Task inputs
#####

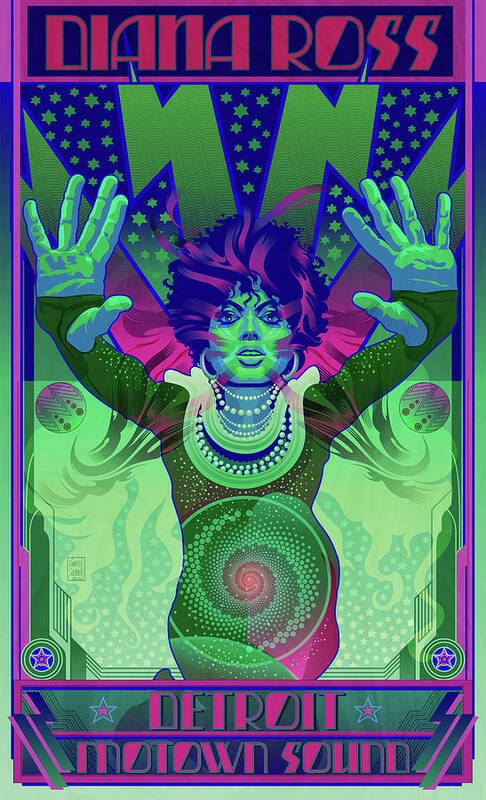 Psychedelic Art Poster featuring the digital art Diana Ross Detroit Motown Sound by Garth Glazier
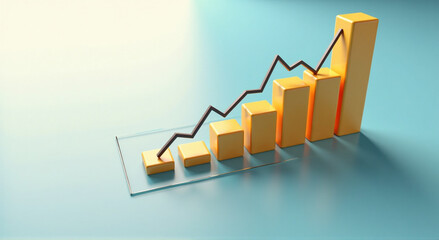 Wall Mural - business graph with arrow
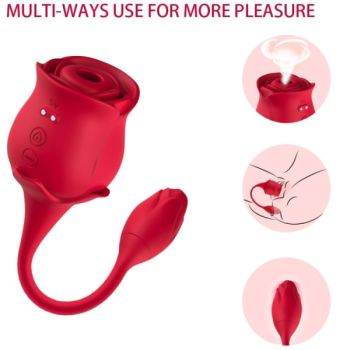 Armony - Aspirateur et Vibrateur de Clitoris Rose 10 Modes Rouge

#####

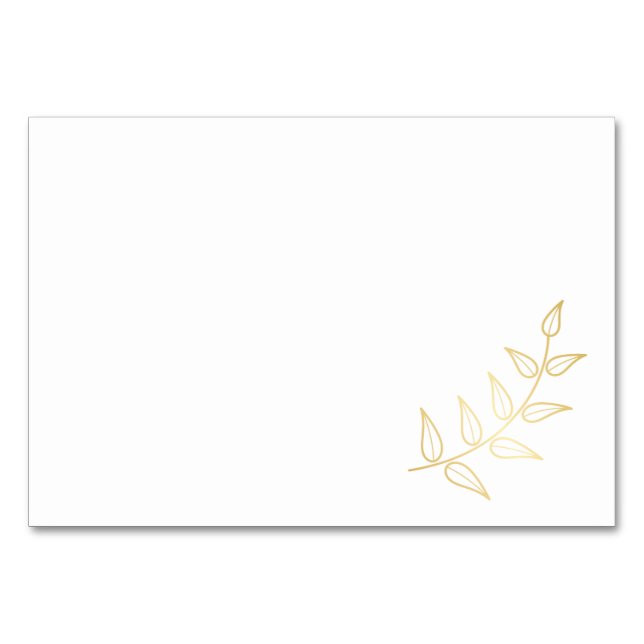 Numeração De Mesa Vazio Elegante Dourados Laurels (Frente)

#####

Exercise goal
Repeat exactly, and only, the entries from the line with "Psychedelic Art Poster" through the line with "Armony - Aspirateur". Pictures are skipped.

Response to this task
 Psychedelic Art Poster featuring the digital art Diana Ross Detroit Motown Sound by Garth Glazier
 Wall Mural - business graph with arrow
 Armony - Aspirateur et Vibrateur de Clitoris Rose 10 Modes Rouge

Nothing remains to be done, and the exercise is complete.